The Passivhaus, or Passive House standard is tough to meet. (See more on the standard here in TreeHugger) But many believe that the results in energy savings and comfort are worth the trouble and cost. At 270,000 square feet and 26 stories, a new residence being built on New York City's Roosevelt Island for Cornell Tech's new campus is breaking all the records for Passive House height and size. Architect Blake Middleton of Handel Architects tells Adele Peters at Fast Company: "It's been an exploratory process for us, partly because nobody has done anything of this scale."
The Passive House standard has strict limits on energy consumption; in some ways, that is easier to do in a multifamily building because apartments usually only have one wall to the exterior. Here, the exterior walls are fourteen inches thick prefab panels with triple glazed windows.
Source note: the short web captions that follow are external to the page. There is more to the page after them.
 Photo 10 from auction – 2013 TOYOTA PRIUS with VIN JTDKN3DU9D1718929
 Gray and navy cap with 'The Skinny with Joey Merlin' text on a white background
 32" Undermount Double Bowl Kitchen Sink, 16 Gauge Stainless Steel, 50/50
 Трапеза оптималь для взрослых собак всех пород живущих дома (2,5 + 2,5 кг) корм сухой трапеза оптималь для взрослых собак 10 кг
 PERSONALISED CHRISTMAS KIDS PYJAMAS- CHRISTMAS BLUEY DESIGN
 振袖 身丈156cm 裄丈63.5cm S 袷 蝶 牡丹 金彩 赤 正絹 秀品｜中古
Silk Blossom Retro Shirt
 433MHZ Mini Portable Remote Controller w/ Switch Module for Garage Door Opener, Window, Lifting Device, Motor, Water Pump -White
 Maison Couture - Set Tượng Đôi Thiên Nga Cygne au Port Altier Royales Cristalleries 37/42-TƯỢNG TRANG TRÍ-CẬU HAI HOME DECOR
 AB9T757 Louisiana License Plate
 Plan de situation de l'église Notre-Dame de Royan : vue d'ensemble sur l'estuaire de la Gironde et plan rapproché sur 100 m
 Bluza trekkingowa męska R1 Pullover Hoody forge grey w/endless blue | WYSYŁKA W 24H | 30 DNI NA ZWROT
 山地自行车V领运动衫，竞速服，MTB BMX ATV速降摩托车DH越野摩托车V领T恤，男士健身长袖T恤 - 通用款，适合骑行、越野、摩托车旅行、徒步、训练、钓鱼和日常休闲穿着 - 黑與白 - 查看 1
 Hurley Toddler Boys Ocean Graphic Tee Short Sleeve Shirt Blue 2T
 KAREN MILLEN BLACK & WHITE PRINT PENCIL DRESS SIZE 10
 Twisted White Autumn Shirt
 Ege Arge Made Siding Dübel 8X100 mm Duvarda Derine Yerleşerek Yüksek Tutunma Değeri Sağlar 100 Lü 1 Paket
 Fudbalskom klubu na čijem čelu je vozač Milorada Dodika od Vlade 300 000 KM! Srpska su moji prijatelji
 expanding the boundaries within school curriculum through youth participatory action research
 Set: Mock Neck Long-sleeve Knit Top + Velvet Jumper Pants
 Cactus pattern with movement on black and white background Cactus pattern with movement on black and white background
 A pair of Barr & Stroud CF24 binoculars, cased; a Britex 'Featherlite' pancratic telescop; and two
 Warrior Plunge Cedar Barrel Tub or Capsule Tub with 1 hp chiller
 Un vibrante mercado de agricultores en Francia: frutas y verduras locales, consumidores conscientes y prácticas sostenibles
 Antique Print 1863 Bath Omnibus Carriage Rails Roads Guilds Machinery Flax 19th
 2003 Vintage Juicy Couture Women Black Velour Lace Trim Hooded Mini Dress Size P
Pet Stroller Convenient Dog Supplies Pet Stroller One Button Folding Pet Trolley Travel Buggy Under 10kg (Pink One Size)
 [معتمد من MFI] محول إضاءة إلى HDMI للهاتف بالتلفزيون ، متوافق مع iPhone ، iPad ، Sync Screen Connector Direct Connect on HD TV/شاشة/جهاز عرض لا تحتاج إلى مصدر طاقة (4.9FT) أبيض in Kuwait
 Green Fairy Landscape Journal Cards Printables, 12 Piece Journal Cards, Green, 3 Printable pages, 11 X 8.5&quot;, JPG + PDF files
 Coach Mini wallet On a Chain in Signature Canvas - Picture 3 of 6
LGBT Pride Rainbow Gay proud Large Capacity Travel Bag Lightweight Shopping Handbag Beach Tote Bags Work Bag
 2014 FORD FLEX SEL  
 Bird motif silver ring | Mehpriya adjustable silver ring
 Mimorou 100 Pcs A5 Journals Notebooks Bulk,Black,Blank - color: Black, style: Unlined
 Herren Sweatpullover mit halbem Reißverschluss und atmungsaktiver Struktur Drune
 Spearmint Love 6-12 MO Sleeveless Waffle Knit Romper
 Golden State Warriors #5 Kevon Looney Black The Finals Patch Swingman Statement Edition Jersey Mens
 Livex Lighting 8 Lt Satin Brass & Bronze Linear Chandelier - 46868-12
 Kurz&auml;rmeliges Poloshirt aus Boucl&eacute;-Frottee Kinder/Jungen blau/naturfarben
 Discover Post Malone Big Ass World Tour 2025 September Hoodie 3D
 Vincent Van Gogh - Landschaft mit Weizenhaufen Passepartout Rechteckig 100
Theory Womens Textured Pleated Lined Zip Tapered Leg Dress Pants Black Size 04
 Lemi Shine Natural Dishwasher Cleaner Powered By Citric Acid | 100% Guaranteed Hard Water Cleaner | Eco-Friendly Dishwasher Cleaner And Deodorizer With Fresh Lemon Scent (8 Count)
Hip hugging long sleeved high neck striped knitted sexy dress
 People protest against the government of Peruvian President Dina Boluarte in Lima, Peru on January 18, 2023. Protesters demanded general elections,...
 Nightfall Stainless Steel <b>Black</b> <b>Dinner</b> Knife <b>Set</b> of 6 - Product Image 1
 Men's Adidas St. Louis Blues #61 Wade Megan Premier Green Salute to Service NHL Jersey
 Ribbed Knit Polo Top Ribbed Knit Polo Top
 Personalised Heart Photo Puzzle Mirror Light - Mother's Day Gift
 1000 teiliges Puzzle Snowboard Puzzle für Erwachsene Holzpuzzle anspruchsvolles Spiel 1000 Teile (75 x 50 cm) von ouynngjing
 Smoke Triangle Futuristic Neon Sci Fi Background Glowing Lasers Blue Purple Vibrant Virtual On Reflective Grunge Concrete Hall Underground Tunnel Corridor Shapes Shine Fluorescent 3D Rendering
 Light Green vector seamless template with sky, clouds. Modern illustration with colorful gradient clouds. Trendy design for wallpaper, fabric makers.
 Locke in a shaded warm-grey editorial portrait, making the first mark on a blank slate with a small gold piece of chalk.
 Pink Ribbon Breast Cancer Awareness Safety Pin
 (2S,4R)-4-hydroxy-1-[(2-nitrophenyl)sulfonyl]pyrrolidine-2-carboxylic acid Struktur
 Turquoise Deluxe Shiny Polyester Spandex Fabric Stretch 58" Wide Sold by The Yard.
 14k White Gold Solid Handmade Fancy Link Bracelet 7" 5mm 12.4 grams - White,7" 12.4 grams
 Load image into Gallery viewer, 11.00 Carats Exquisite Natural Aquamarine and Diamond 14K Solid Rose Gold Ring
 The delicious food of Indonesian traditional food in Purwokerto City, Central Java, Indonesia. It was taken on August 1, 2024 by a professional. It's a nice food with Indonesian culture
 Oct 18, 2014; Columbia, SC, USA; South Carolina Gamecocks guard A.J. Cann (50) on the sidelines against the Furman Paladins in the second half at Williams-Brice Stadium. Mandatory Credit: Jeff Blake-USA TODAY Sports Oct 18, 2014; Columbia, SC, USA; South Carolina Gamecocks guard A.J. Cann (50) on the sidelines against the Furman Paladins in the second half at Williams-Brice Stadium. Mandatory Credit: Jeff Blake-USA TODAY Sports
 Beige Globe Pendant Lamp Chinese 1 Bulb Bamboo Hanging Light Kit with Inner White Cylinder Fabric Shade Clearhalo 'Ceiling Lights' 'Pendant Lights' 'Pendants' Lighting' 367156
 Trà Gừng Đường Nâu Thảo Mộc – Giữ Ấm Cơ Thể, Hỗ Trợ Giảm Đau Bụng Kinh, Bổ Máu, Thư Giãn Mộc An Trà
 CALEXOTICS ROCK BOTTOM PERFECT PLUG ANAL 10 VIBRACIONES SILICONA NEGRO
Blake Middleton tells the New York Times:
“The reason we chose a panelized system was both for speed of construction,” he said, “and also to cut down on the number of joints that would be required to be all very carefully sealed by the builder on a floor-by-floor basis.”
Scott Gibson provides more detailed technical information on Green Building Advisor:
Arianna Sacks Rosenberg, senior project manager with the developer, the Hudson Companies Inc., said by email the wall sections are 14 inches thick at their deepest and insulated with 11 inches of mineral wool. Some areas of the wall are thinner. R-values range from 18 to 30, Rosenberg said, with an average R-value for the assembly 20.
The triple-glazed windows, made by Schuco, have a U-factor of 0.156 (calculated by the European method). Windows will be shipped directly to Eastern Exterior Wall Systems, which is manufacturing the wall components, so they can be incorporated during assembly.
The fun will begin when it gets tested for air changes per hour. This is also an easier target for big buildings, since it is measured as a function of the volume of the building and a multi-family building has a lot more volume in relation to its exterior surface area, but things can get weird when buildings get tall and the wind starts acting on them. Buildings flex and low pressure on the downwind side can suck air out through the smallest leak, so those prefab wall panels have to be installed perfectly and sealed carefully. That will be a real challenge. But it is worth it; as Ken Levenson of the NY Passive House org notes, it “is a clear signal that in today’s era of climate change, it’s not enough to simply build tallest. To lead the market, your tall building will need to be a passive house.”
On his own website, Ken Levenson proudly calls it the BOOM! heard round the low-energy/high-performance world, channeling Lisa Minelli and noting that "If Passive House can make it in New York, it can make it anywhere."